VerneMQ and Proxy Protocol

Let's have a look together at a nice little feature that makes integration between proxy components like load balancers and VerneMQ a little bit easier. HAProxy was the first to implement it, and you can find the current specification of the protocol here.

Now, most people simply report what they have heard other folks saying: use the proxy protocol to forward client information "like source IP address" to the backend service. As if there was much more to forward than the source IP. Well, there is a little bit more, but let's have a close look. The spec says this:

"The information carried by the protocol are the ones the server would get using getsockname() and getpeername() :

- address family (AF_INET for IPv4, AF_INET6 for IPv6, AF_UNIX)
- socket protocol (SOCK_STREAM for TCP, SOCK_DGRAM for UDP)
- layer 3 source and destination addresses
- layer 4 source and destination ports if any"

So the proxy protocol doesn't tell you more than just TCP4, TCP6, and then gives you source and destination IPs and ports. A sender implementing the protocol will only send this information once, just after opening the TCP connection. For protocol version 1 (which is the human-readable version, while v2 is binary), it will send the following before sending anything else:

PROXY TCP4 192.168.0.1 192.168.0.11 56324 443\r\n

The receiver then knows that the original connection request comes from 192.168.0.1:56324.

Now, HAProxy didn't invent this only to be useful for a proxy in front of a backend service. The idea is that you can use the proxy protocol passing connection metadata through a chain of components, say firewall, load balancer, application proxy, etc. For that to work, every component needs to implement both sides of the proxy protocol. That is the sender and the receiver side (except the edge components).

VerneMQ only implements the receiver side, in the form of a listener configuration in the vernemq.conf file. For instance, you can enable the proxy protocol for a specific listener like this:

listener.tcp.LISTENER.proxy_protocol = on.

Why does VerneMQ only implement the receiver, you ask? Well, it wouldn't make much sense as a chaining component, and it certainly would break the decoupling of the Pub/Sub model.

Note that when you enable the proxy protocol on a listener, all clients connecting have to use the proxy protocol. That is you can't mix connections coming from HAProxy, and coming from MQTT clients directly, on the same listener.

MQTT clients do not have to implement the proxy protocol. They connect to HAProxy (or any other proxy), and HAProxy will take care of forwarding the connection metadata. VerneMQ will understand both the readable and the binary version of the proxy protocol without further configuration.

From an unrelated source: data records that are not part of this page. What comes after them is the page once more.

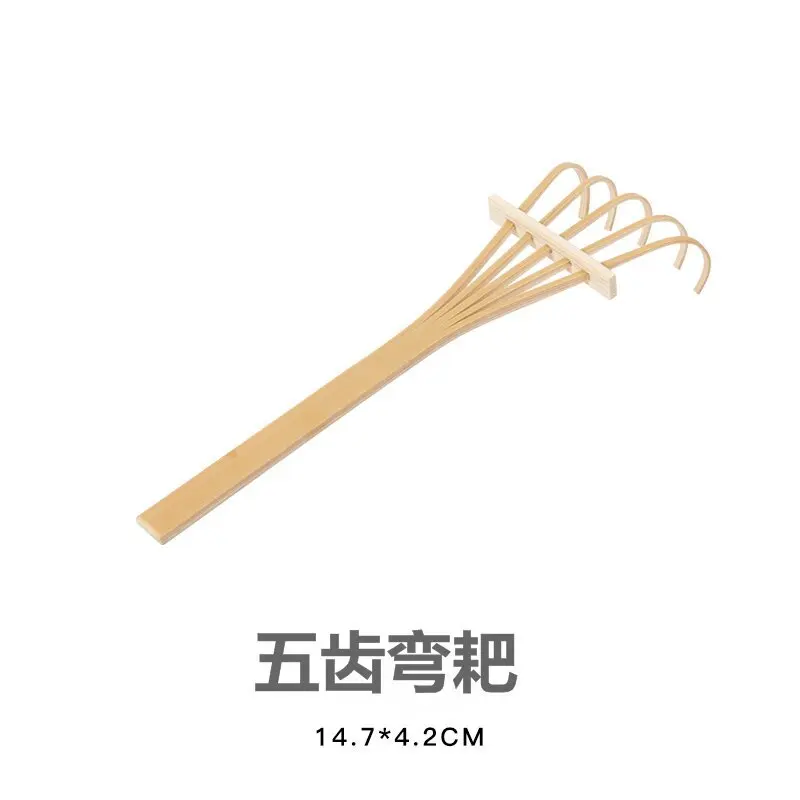 

4Pcs Mini Zen Garden Bamboo Rake Tools For Sand Tabletop Accessories Mindfulness Decor Miniature Landscape Kit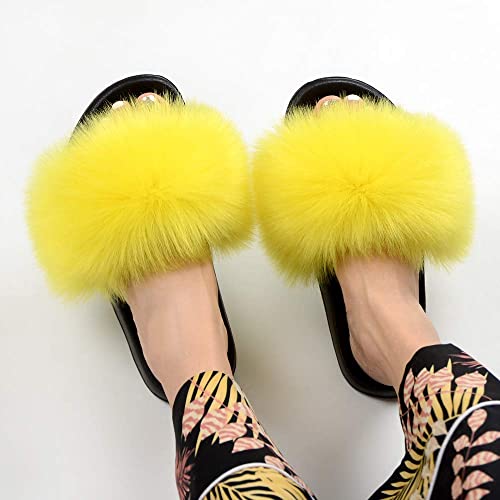 Image of MH Bailment Womens Furry Fluffy Slippers Faux Fur House Slippers Open Toe Fuzzy Slides Soft Flat Slip On Sandals for Indoor Outdoor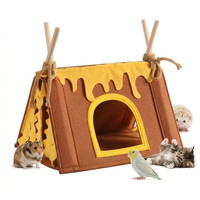 Tente pour animaux de compagnie en tissu rectangulaire pour petits animaux Cachette réutilisable pour lapins écureuils hérissons cochons d'inde Hamsters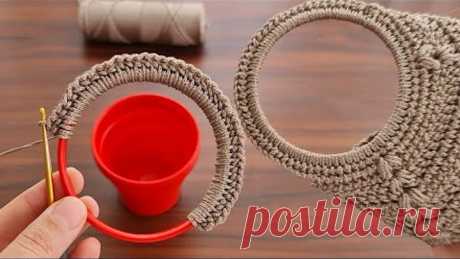 WOW GREAT IDEAS!! 😍 Look what I did with the plastic cups I found in the trash! RECYCLING CROCHET
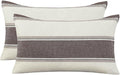 AmHoo Pack of 2 Farmhouse Linen Throw Pillow Cover Cushion Stripe Decoration Buffalo Retro Pillowcase with Hidden Zipper for Sofa Bedroom Car 12 x 20 Inch Brown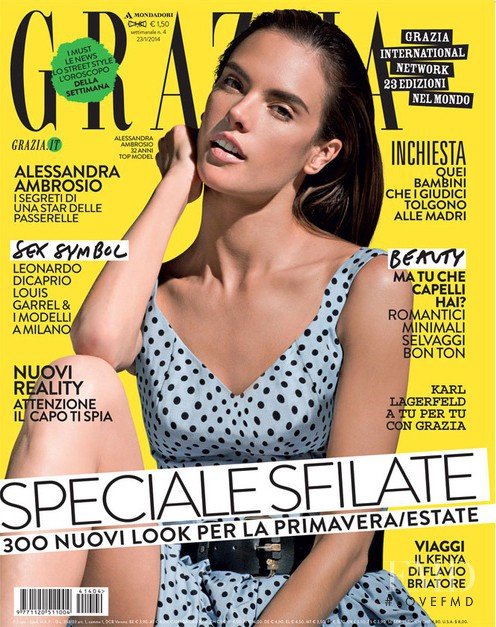 Alessandra Ambrosio featured on the Grazia Italy cover from January 2014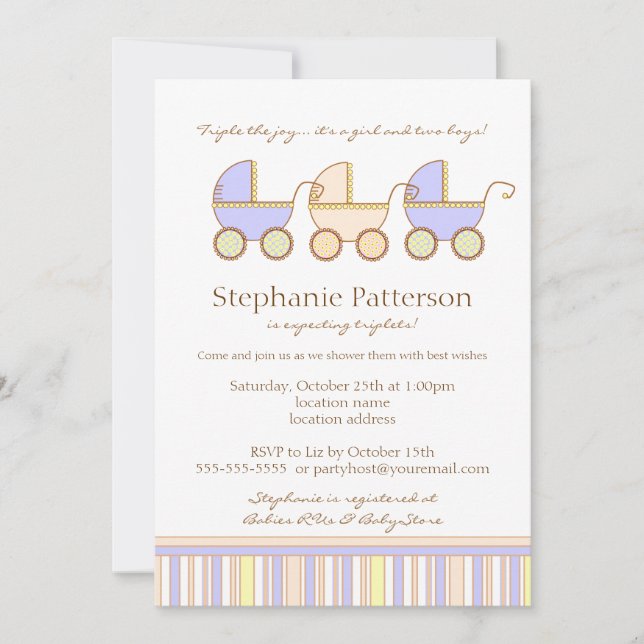 Trio Carriage Triplet Girl Boys Shower Invitation (Devant)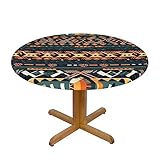 Texture ethnique tribale africaine. La nappe ronde est imprimée sur un côté, fabriquée en fibre 100 % polyester, avec des couleurs riches, ce qui apporte une atmosphère agréable à notre salle à manger.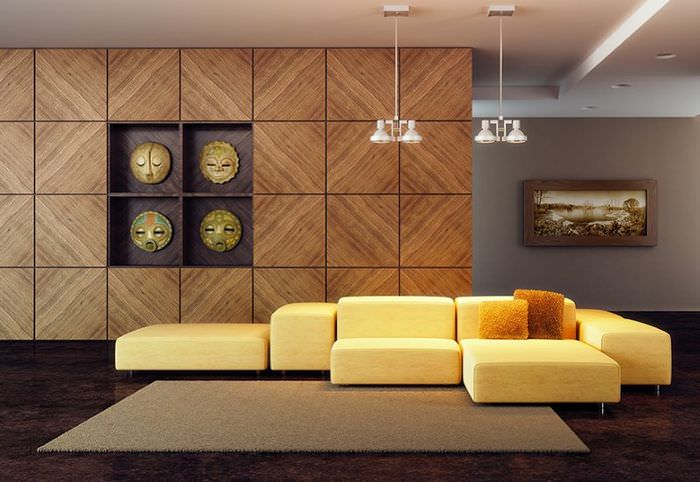 زخرفة الجدار في غرفة المعيشة الحديثة مع الألواح الخشبية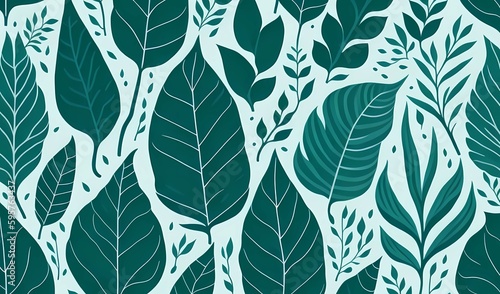 random leaves design patterns prints in white green background made with generative ai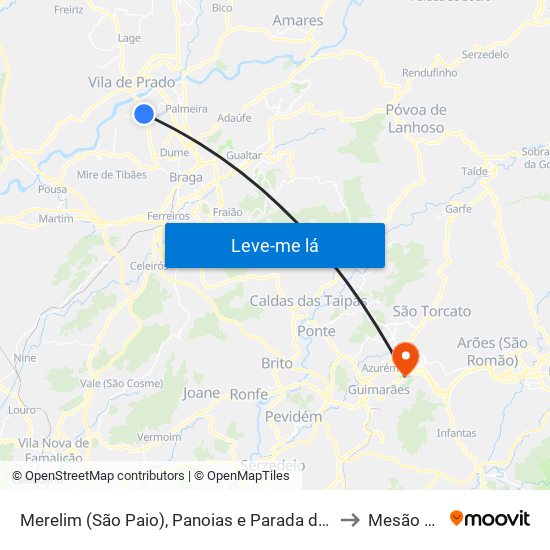 Merelim (São Paio), Panoias e Parada de Tibães to Mesão Frio map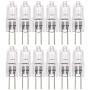 12 Pack, G4 Halogen Light Bulb , T3 JC Type Clear 20W 12V AC/DC Bi-Pin Bulb for Landscape Lighting,Accent Lights, Track Lighting,Under Cabinet Puck Light, Chandeliers,360°Beam Angle/Warm White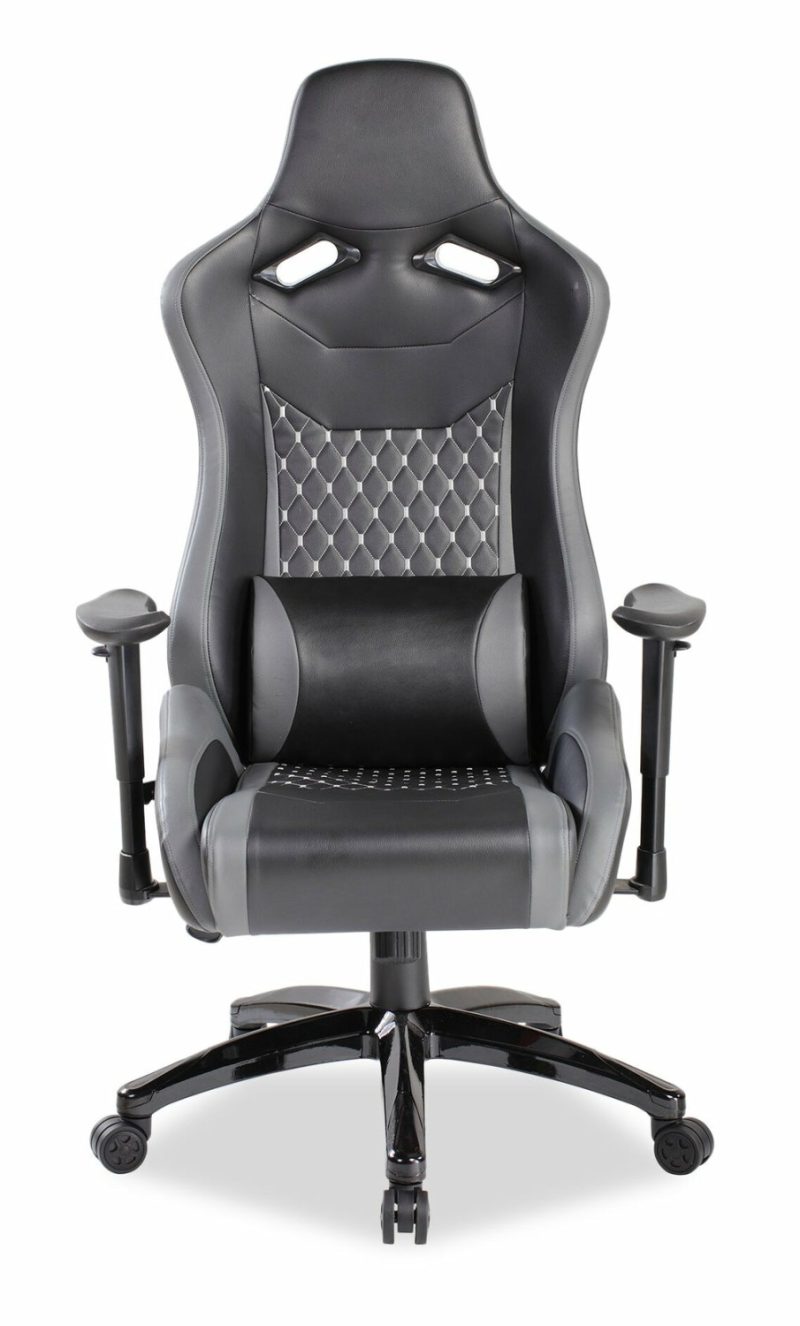 Apollo 28.3″ Premium Ergonomic Gaming Chair With Lumbar Support- Black Faux Leather Furniture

What is the proxy protocol used for?

To name just a few use cases:

  • You can log much more useful information in the backend (VerneMQ)
  • You can configure for "sticky session" behaviour in downstream components (supposing you have more than two components chained; you can configure sticky sessions in a load balancer without the proxy protocol)
  • You can configure for basic IP-level security in the backend

What about TLS?

The proxy protocol only works on pure TCP. The implementors even designed it to avoid possible confusion with higher-level protocols like HTTP, SMTP or TLS.

When you terminate TLS connections in VerneMQ, you can't use the proxy protocol.

When you terminate TLS on HAProxy directly (which is not the worst idea, by the way), you can still forward connection metadata using the proxy protocol, because HAProxy will connect to VerneMQ locally over TCP. In that case, you can even forward more information than source IP and port. Look at this config line, for instance.

listener.tcp.proxy_protocol_use_cn_as_username = on

This tells VerneMQ to use the client certificate common name as a user name. How is this even possible? Did we just extend the proxy protocol?

Yes, kind of. The proxy protocol has the following trick up its sleeve:

"If the length specified in the PROXY protocol header indicates that additional bytes are part of the header beyond the address information, a receiver may choose to skip over and ignore those bytes, or attempt to interpret those bytes."

Okay. We get some additional bytes for free, and we are free to interpret or ignore them, as a receiver. Those extra bytes are arranged in a Type-Length-Value struct (TLV). And with that, additional metadata can be transported. Most of those have to do with TLS, like the CN forwarding we capture with VerneMQ. For details on TLV have a look at the specification.

That's it. I hope this was helpful! Oh, and good to know: Proxy protocol support comes open source and for free with VerneMQ!